**What is needed:**
Leave the images out, and copy each of the records below exactly.

**Caption-style text data:**
◇ ◇ ◇ ◇

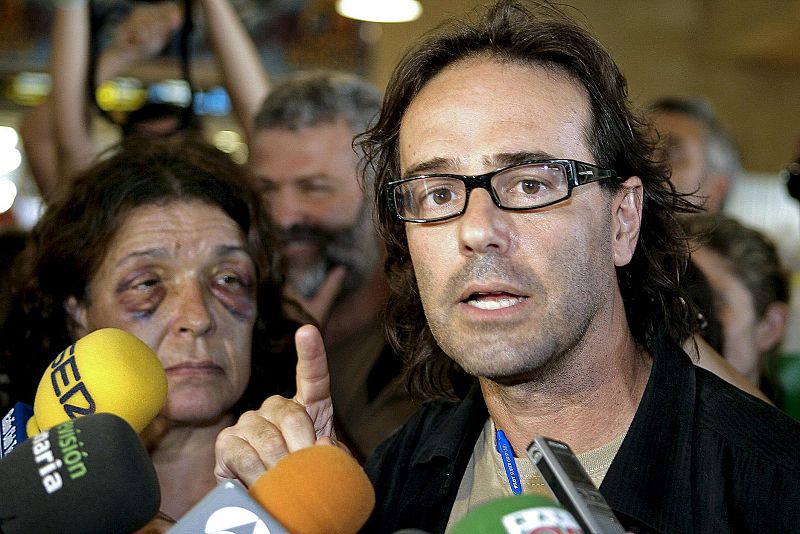 Los activistas tachan de "vergonzoso" que el Gobierno crea a Marruecos y zanje el asunto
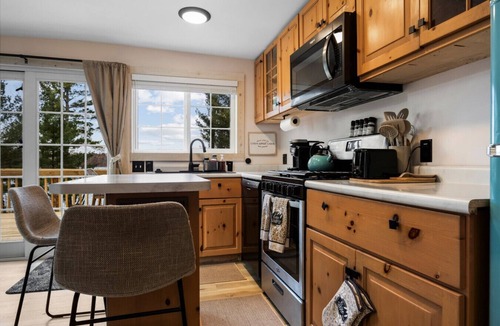 Traverse City Cabin | Lil' Lakeshore Cabin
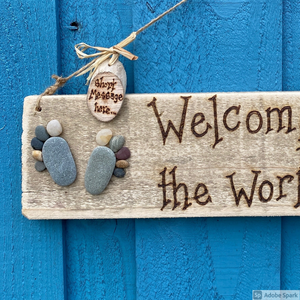 PERSONALISED BABY PEBBLE ART PLAQUE/WELCOME TO THE WORLD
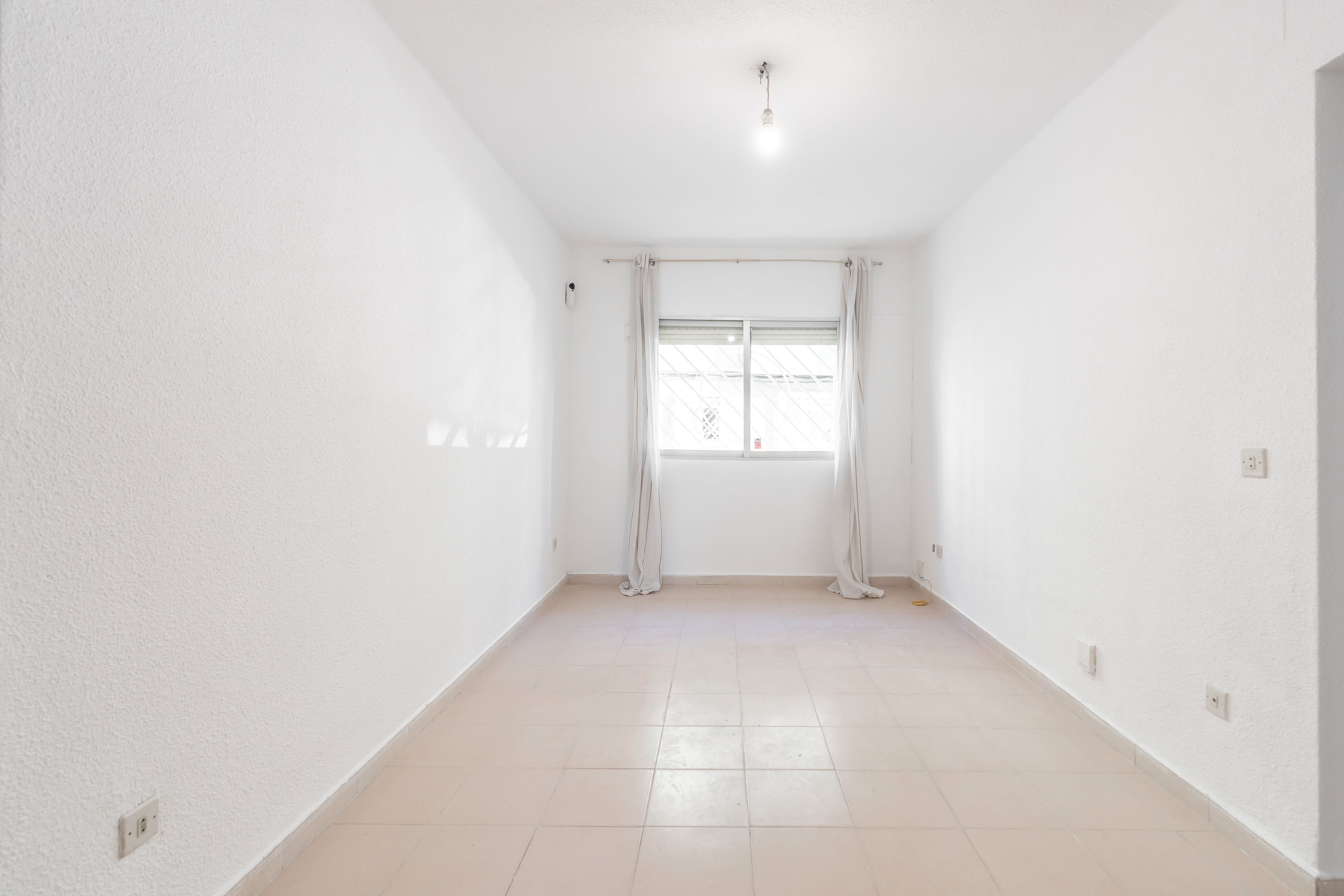 Bedroom of Flat for sale in  Madrid Capital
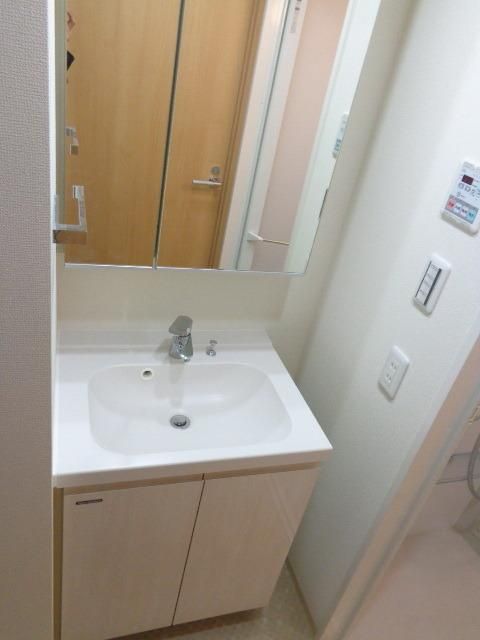 洗面設備　独立洗面所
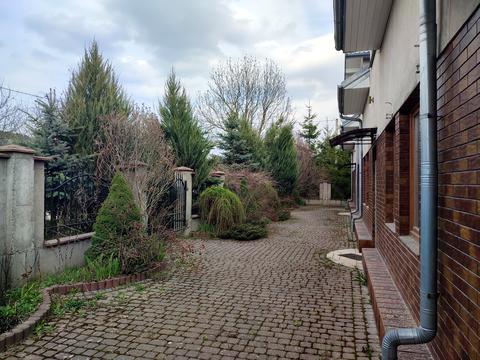 коммерческая по адресу Коновальця, 2А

◇ ◇ ◇ ◇

**Response to the task:**
 Los activistas tachan de "vergonzoso" que el Gobierno crea a Marruecos y zanje el asunto
 Traverse City Cabin | Lil' Lakeshore Cabin
 PERSONALISED BABY PEBBLE ART PLAQUE/WELCOME TO THE WORLD
 Bedroom of Flat for sale in  Madrid Capital
 洗面設備　独立洗面所
 коммерческая по адресу Коновальця, 2А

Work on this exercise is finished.